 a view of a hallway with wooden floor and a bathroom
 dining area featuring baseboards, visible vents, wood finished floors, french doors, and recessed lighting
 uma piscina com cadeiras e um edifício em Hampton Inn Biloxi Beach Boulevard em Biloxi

══════════════════════════════

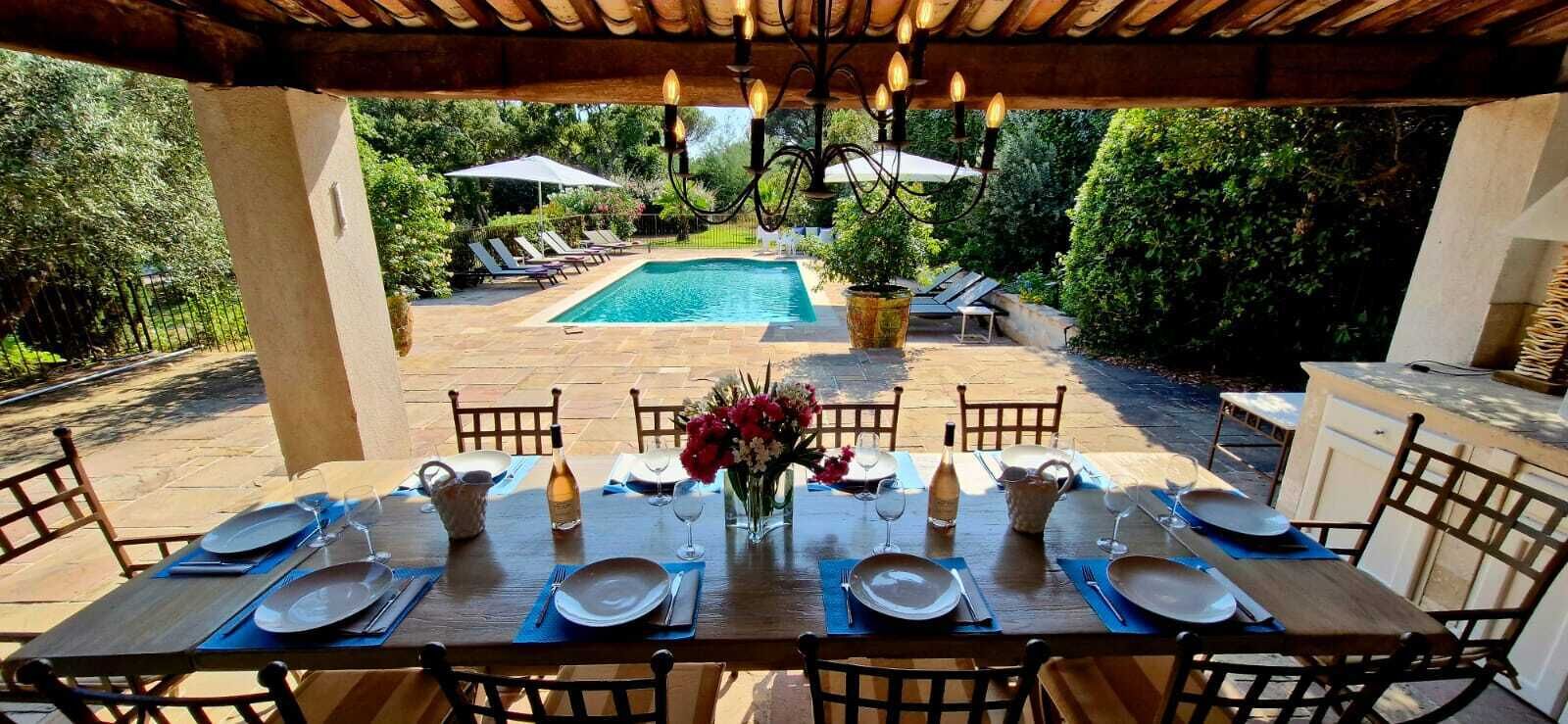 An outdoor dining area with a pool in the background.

══════════════════════════════

### Directions for this task:
Only the lines above from the line containing "a view of a" through the line containing "uma piscina com" should be retyped, exactly and with both ends included.

### Answer box:
 a view of a hallway with wooden floor and a bathroom
 dining area featuring baseboards, visible vents, wood finished floors, french doors, and recessed lighting
 uma piscina com cadeiras e um edifício em Hampton Inn Biloxi Beach Boulevard em Biloxi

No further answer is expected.